Une étude de BP révélant que les émissions de gaz à effet de serre ont augmenté de 2% en 2018, un reportage sur une vague de chaleur exceptionnelle en Inde, une photo de la fonte des glaces au Groenland, accompagnée d’une légende qui dit que 40% de la couverture au sol a fondu en 24H00… Les médias en ligne sont devenus des messagers de l’apocalypse et, chaque jour, ils déversent leur quota de nouvelles alarmantes et anxiogènes.

Comment ne pas s’effondrer sur sa chaise, comment continuer à effectuer son travail sereinement, se lever le matin et tout simplement croire en l’avenir quand les perspectives sont toutes négatives et reposent, pour la majorité d’entre elles, sur les résultats d’études scientifiques ? D’autant qu’aux informations factuelles, s’ajoutent des angoisses plus ou moins réalistes, sur la démographie de l’Afrique, sur les migrants, sur l’accroissement de la misère ou l’hypothèse d’une crise financière mondiale.

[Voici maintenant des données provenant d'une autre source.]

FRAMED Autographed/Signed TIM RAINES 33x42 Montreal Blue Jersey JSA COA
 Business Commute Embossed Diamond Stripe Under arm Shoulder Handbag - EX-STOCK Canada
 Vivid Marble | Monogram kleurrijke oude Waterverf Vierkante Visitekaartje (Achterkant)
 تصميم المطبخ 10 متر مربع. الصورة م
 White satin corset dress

Bref, ce fichu Fukuyama qui, en 1990, nous parlait de fin de l’histoire, avait tout faux. L’histoire s’accélère, et pire, elle semble toucher tous les domaines de la vie. Au temps de l’affrontement des blocs, le risque était binaire : soit une guerre nucléaire à laquelle personne ne croyait, soit le maintien de deux mondes séparés qui ne se rencontraient jamais, mais cette situation nous plaçait dans une situation confortable.

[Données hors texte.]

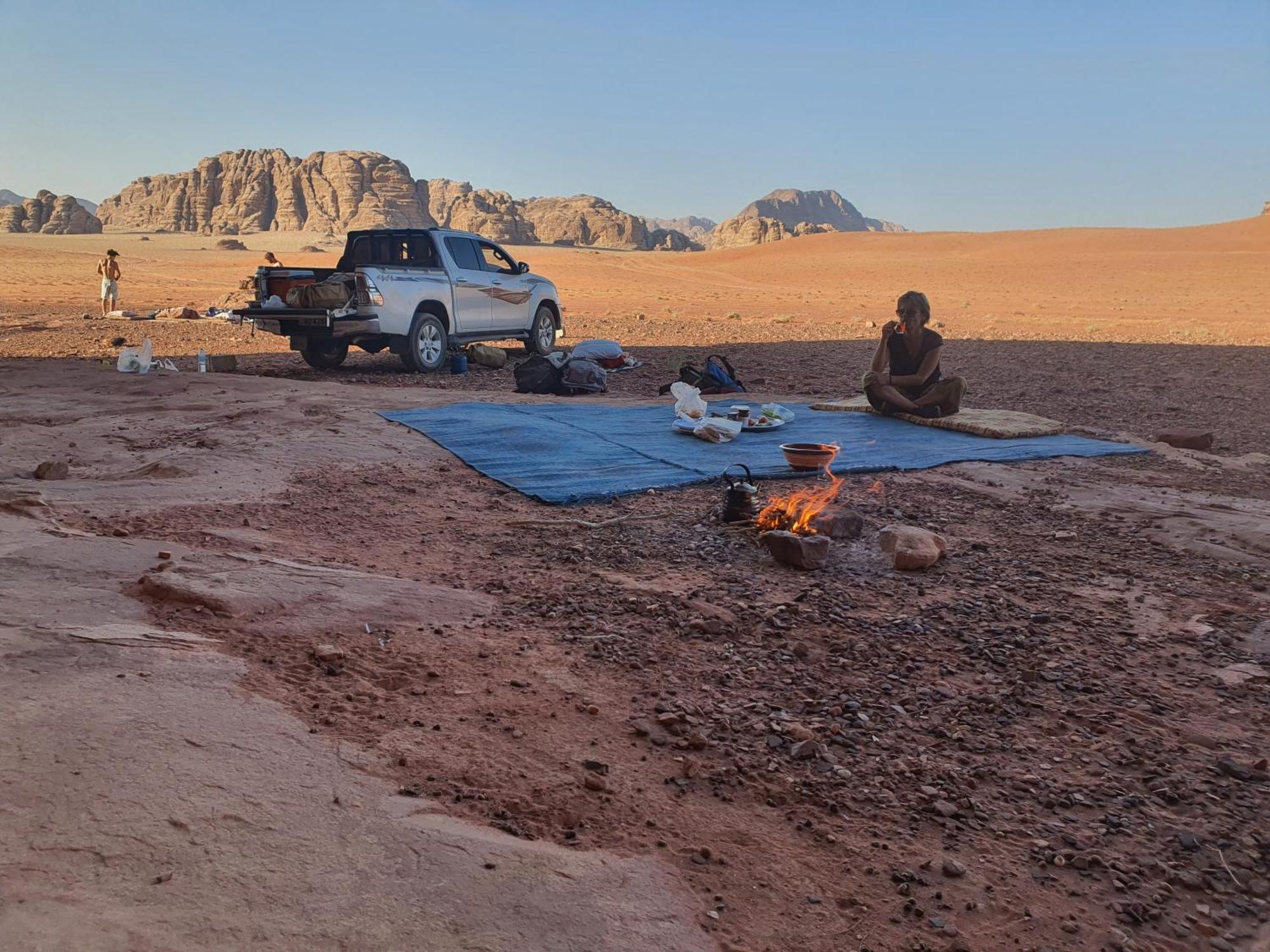 瓦迪拉姆 Bedouin Family Camp酒店 外观 照片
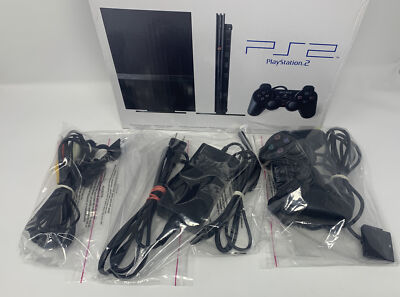 プレステーション2 SONY PlayStation 2 Original Black PS2 Gaming System Bundle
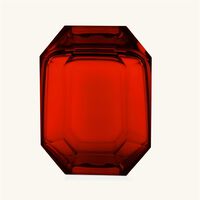 baccarat octogone vase small red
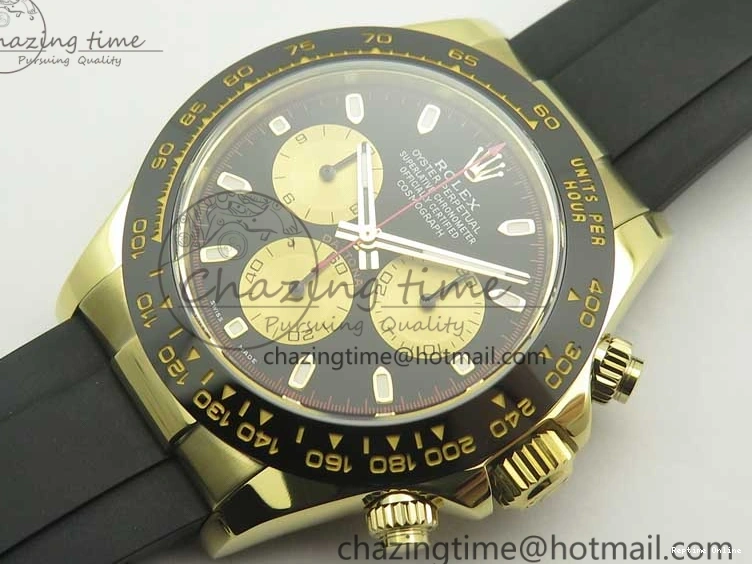 0407 Daytona 116518 LN Paul Newman ARF 1:1 Best Edition Black Dial on Oysterflex Strap A4130 Super Clone Chic 3356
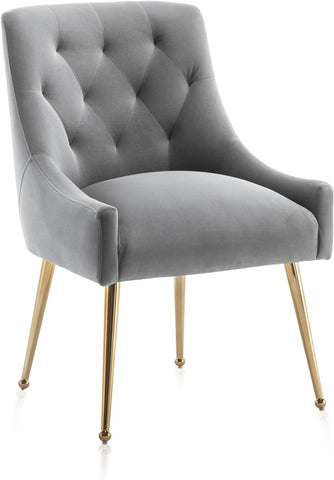 SEYNAR Dining Chair Set of 2,Modern Velvet Dining Chairs with Gold Legs,Elegant Tufted Accent Chairs for Reception, Living Room or Study Room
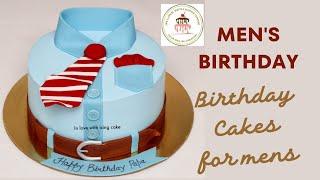 Mens Birthday Cake Decorating Ideas Dads Birthday Cake Designs  #husbandbirthdaycelebration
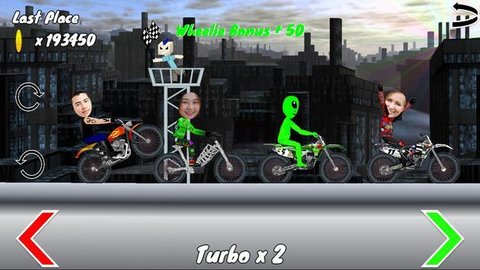 摩托车面部比赛（Motorcycle Face Race）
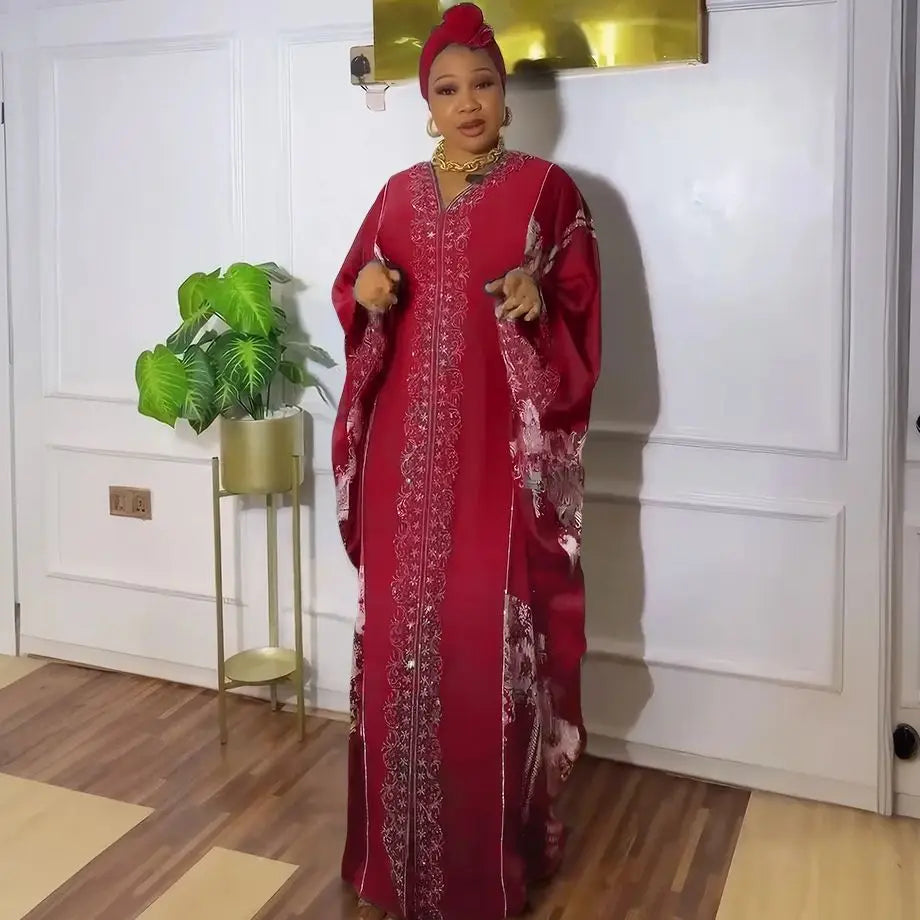 Abayas For Women Dubai Luxury 2025 African Muslim Fashion Dress Caftan Marocain Evening Party Dresses Boubou Robe Djellaba Femme.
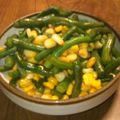 なつあん＊'s cooksnap of when they made ★お弁当にあう★インゲンとコーンのソテー.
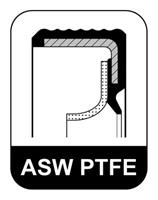 Afdichtring, Keerring, krukas ELRING, u.a. für Citroën, Ford, DS, Suzuki, Mazda, Peugeot, Mini, Fiat, Volvo, Toyota, Opel, Santana, Mitsubishi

Désormais, les mauvaises nouvelles proviennent de partout : le climat, la biodiversité, la démographie, la déplétion des énergies fossiles, la montée des eaux, les excités qui parviennent au pouvoir dans de nombreux pays… N’en rajoutez plus, la coupe est pleine.

Et pourtant, il faut vivre. Il faut ressentir du plaisir, tomber amoureux, rassurer ses enfants, aller au restaurant avec des amis, faire une partie de tennis, sans se dire toutes les cinq minutes que nous sommes en train de basculer vers l’enfer.

Il n’est pas mille façons de vivre cette situation, en réalité il n’y en a qu’une : il faut vivre en effet, et il faut s’engager. Rejoindre des groupes activistes, militer dans des partis politiques, faire entendre sa voix, devenir un citoyen actif. Il faut aussi savoir renoncer : renoncer au SUV, aux voyages au bout du monde, aux emballages plastique, aux trajets en voiture qui ne sont pas indispensables. Et il faut éduquer : parler à ses voisins, évoquer le sujet de l’environnement et du climat avec ses enfants, ses parents, ses amis. C’est cela, vivre aujourd’hui.